Start of Block

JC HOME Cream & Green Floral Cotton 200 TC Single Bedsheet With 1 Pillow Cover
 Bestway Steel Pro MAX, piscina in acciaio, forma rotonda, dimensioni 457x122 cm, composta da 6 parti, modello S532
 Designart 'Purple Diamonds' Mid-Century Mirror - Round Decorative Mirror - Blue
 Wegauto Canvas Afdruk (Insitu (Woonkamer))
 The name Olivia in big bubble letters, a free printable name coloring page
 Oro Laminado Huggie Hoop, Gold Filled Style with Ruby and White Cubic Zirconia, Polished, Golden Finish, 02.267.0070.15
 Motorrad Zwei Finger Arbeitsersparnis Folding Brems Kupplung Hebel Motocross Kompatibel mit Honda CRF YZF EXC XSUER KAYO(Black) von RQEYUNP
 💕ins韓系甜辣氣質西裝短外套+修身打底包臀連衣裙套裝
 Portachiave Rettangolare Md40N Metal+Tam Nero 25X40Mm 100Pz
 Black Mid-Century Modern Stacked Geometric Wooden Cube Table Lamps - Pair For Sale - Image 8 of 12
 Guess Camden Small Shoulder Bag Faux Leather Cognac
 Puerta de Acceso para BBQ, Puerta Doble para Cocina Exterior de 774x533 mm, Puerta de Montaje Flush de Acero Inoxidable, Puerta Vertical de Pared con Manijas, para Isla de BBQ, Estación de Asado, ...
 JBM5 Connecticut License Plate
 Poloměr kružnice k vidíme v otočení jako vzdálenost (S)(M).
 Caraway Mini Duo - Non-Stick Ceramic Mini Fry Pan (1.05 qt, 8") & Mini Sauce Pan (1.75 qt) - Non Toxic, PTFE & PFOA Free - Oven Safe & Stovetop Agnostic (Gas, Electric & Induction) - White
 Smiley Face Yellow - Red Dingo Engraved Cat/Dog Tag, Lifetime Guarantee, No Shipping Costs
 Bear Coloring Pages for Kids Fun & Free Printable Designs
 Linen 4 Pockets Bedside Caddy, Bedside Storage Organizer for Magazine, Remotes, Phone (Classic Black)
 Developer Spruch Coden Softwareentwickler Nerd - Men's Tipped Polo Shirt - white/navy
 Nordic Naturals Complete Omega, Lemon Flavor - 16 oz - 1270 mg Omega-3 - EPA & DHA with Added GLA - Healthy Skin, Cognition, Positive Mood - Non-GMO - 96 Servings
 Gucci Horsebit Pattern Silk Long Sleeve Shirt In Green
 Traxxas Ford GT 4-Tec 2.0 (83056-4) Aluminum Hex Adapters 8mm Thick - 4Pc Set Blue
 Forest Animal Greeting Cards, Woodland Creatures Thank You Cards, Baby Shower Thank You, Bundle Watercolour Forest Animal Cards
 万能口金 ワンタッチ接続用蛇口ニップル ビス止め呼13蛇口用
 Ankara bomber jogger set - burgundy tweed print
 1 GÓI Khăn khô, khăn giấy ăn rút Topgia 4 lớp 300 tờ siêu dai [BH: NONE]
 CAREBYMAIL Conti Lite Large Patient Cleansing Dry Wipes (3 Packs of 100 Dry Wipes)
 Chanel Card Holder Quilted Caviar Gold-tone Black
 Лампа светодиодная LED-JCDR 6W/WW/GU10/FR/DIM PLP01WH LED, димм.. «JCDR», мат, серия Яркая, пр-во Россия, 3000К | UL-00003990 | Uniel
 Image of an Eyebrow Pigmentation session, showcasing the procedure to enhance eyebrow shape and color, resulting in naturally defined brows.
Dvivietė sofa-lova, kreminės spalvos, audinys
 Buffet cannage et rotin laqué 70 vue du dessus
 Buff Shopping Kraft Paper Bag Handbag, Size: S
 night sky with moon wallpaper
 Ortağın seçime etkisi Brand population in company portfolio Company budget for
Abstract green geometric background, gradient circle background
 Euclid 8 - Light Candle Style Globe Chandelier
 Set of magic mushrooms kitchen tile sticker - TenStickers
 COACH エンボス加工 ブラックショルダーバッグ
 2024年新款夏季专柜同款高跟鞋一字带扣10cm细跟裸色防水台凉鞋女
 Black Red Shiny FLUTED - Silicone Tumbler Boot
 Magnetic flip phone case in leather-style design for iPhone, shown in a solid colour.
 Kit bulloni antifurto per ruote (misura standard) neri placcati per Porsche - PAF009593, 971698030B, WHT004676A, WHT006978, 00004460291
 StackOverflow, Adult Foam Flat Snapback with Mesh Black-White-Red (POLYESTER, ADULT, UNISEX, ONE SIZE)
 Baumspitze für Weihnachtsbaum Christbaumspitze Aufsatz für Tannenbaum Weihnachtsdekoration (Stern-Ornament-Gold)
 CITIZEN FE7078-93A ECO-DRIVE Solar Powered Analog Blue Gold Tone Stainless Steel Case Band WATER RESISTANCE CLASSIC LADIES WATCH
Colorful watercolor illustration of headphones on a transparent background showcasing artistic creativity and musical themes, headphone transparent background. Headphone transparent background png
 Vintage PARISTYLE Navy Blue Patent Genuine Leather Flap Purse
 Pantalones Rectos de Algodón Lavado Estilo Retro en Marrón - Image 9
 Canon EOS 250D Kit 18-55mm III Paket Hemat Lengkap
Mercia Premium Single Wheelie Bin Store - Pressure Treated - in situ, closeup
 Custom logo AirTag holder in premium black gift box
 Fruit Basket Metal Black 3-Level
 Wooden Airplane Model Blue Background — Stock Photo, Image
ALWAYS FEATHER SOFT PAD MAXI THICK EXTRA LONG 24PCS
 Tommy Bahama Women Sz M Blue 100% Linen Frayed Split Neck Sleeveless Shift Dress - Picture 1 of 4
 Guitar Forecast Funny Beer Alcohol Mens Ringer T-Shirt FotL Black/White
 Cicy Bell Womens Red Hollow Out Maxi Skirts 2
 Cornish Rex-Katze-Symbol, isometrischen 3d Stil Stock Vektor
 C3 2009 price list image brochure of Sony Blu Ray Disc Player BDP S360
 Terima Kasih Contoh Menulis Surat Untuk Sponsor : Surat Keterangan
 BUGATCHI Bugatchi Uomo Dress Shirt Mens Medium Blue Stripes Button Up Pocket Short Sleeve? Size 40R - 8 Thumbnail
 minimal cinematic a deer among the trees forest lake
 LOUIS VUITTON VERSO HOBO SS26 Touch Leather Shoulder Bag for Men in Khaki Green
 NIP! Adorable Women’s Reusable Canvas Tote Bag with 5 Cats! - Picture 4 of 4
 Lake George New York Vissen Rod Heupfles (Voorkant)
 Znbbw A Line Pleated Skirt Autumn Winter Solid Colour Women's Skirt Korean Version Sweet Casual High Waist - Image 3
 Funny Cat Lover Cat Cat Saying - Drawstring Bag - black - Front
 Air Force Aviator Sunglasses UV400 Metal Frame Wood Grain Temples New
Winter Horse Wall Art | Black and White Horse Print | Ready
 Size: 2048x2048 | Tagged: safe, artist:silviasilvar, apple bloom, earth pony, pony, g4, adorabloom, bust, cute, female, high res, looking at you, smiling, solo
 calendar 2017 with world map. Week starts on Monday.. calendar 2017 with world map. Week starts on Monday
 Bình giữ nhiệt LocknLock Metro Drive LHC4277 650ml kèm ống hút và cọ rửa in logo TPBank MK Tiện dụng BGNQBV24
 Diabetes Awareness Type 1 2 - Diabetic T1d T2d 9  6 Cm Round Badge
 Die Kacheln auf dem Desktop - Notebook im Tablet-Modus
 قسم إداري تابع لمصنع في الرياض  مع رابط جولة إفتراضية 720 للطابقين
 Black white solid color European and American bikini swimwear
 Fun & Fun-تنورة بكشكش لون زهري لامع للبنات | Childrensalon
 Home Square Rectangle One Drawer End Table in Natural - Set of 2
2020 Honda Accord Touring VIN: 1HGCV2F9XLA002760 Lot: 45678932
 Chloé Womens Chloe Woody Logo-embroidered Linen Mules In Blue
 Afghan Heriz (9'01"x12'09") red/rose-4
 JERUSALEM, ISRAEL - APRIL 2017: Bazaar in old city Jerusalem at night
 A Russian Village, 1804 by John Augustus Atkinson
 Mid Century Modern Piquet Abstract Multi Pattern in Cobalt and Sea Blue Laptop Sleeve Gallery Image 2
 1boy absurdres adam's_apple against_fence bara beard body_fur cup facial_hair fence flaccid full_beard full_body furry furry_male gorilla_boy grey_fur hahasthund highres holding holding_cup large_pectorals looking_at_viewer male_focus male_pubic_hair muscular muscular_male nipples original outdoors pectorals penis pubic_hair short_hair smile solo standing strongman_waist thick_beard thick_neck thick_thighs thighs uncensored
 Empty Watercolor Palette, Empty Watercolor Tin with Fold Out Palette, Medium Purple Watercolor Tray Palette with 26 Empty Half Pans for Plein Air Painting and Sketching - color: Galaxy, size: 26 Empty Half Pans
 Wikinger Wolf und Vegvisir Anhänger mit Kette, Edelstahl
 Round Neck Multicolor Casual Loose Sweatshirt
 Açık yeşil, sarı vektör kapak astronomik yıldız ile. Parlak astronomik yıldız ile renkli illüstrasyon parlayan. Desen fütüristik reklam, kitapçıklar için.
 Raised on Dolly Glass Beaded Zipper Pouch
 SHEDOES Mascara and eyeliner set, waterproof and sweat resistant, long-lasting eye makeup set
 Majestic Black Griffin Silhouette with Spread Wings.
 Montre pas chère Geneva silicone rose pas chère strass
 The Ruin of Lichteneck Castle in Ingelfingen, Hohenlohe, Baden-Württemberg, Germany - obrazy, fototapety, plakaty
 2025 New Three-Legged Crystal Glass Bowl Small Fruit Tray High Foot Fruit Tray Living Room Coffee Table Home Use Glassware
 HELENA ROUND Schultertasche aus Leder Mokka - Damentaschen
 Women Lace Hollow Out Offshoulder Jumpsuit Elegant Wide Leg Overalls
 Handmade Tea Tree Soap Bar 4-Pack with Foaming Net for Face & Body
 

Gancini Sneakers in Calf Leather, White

End of Block

- _What to do_
Everything above from the line with "COACH エンボス加工 ブラックショルダーバッグ" to the line with "BUGATCHI Bugatchi Uomo", both included, must be repeated exactly, and nothing outside that range.

- _Solution to the problem_
 COACH エンボス加工 ブラックショルダーバッグ
 2024年新款夏季专柜同款高跟鞋一字带扣10cm细跟裸色防水台凉鞋女
 Black Red Shiny FLUTED - Silicone Tumbler Boot
 Magnetic flip phone case in leather-style design for iPhone, shown in a solid colour.
 Kit bulloni antifurto per ruote (misura standard) neri placcati per Porsche - PAF009593, 971698030B, WHT004676A, WHT006978, 00004460291
 StackOverflow, Adult Foam Flat Snapback with Mesh Black-White-Red (POLYESTER, ADULT, UNISEX, ONE SIZE)
 Baumspitze für Weihnachtsbaum Christbaumspitze Aufsatz für Tannenbaum Weihnachtsdekoration (Stern-Ornament-Gold)
 CITIZEN FE7078-93A ECO-DRIVE Solar Powered Analog Blue Gold Tone Stainless Steel Case Band WATER RESISTANCE CLASSIC LADIES WATCH
Colorful watercolor illustration of headphones on a transparent background showcasing artistic creativity and musical themes, headphone transparent background. Headphone transparent background png
 Vintage PARISTYLE Navy Blue Patent Genuine Leather Flap Purse
 Pantalones Rectos de Algodón Lavado Estilo Retro en Marrón - Image 9
 Canon EOS 250D Kit 18-55mm III Paket Hemat Lengkap
Mercia Premium Single Wheelie Bin Store - Pressure Treated - in situ, closeup
 Custom logo AirTag holder in premium black gift box
 Fruit Basket Metal Black 3-Level
 Wooden Airplane Model Blue Background — Stock Photo, Image
ALWAYS FEATHER SOFT PAD MAXI THICK EXTRA LONG 24PCS
 Tommy Bahama Women Sz M Blue 100% Linen Frayed Split Neck Sleeveless Shift Dress - Picture 1 of 4
 Guitar Forecast Funny Beer Alcohol Mens Ringer T-Shirt FotL Black/White
 Cicy Bell Womens Red Hollow Out Maxi Skirts 2
 Cornish Rex-Katze-Symbol, isometrischen 3d Stil Stock Vektor
 C3 2009 price list image brochure of Sony Blu Ray Disc Player BDP S360
 Terima Kasih Contoh Menulis Surat Untuk Sponsor : Surat Keterangan
 BUGATCHI Bugatchi Uomo Dress Shirt Mens Medium Blue Stripes Button Up Pocket Short Sleeve? Size 40R - 8 Thumbnail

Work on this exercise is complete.